# Panda / Greenstar Customer Service



## mathepac (26 Jul 2018)

I’ve been a Greenstar/Panda Waste Retail Customer for almost 10 years, but that’ll have to change soon.

I logged into my Panda account on Monday last 23/8/2018 to put my account in credit for  a scheduled collection next Saturday 28th. A new step, “Click to Agree with our T&Cs”, appeared before I could make a payment. I clicked and was taken from the new Panda website to the old  Greenstar site. I was left hanging with nothing to click on and nothing else happening, so I clicked myself back to the Panda site and started again with the same results. I rang Panda identified myself as a residential customer and waited …

THEM: “Ah yeah we’re waitin’ on someone to  fix dat” I was informed. “What you need to do is download de app from the AppStore and you can pay dat way.” I did as instructed  and eventually got to the stage where I was asked to enter my login details on the iPhone app. I entered my account number and PIN as requested and was informed rather abruptly that my details were incorrect. I tried a couple of more times and rang them again.

I took the phone option to “make a payment” and waited and waited and waited and waited …. I rang again and took the customer service option.

ME: “I’m having trouble making a payment to my account in order to ensure my rubbish gets collected next Saturday, but neither the website nor the iPhone app works.”
THEM: “Aw we know dat, we’re waiting’ on someone to fix it, did day not yell ya?”
ME:  (through gritted teeth) “No! But at least I have the payment card so I can pay through the post-office.”
THEM “Ah dat’s good.
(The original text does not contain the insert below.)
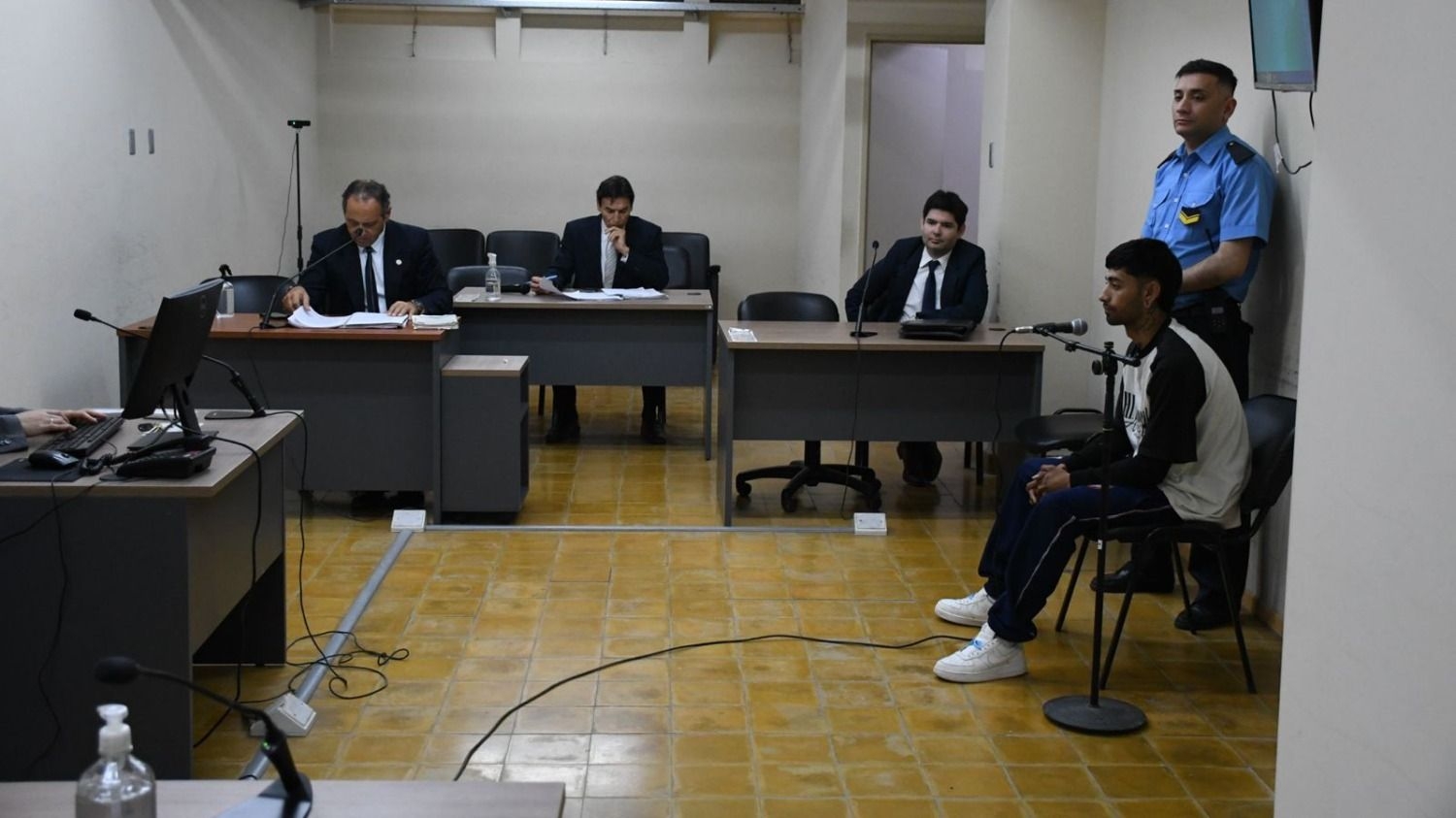 Detalles de la audiencia del primer condenado responsable por una falsa amenaza de bomba en el Cívico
De little card wit de picture of lorry on it is handy”
ME: “Mine doesn’t have a picture of a lorry on it.”
THEM: “Ah dat one’s owwa date. Did dey not send you a new one when we changed to Panda?”
ME: “No!!”
THEM: “Ah sure not ta worry I’ll send dat out to ya now.”
ME: “But I need to make a payment in time for Saturdays’ collection, the bin is full!”
THEM: “Ah ya want ta make a payment, ya shudda sayin’ dat earlier!! What card do you have?”
ME” “VISA Debit card ….”

Why do we put up with such customer service in this country?

I'm still tyring to work out who "day" are.


----------



## dub_nerd (26 Jul 2018)

I still can't figure out why something as basic as putting their prices on their website is not mandatory.


----------



## Bronco Lane (26 Jul 2018)

mathepac said:


> I'm still tyring to work out who "day" are.



It's amazing how many front line service people refer to their own company as "They".
They don't seem to understand that they are the "They".

I suppose it's a way to shift the blame to some faceless suit in head office or on the higher floor who pay their salary.


----------



## jpd (26 Jul 2018)

Bronco Lane said:


> It's amazing how many front line service people refer to their own company as "They".
> They don't seem to understand that they are the "They".



Not necessarily - a lot of companies outsource their call centres to 3rd party providers


----------



## Leo (26 Jul 2018)

The 3rd party operators are usually trained to a higher standard and will rarely use us/them type terminology.


----------



## jpd (27 Jul 2018)

No hope of that, I fear. The FUD factor is clearly at work in utilities in Ireland - try getting a clear pricing structure from Eir, Sky, etc etc 

(FUD=Fear, Uncertainty and Doubt)


----------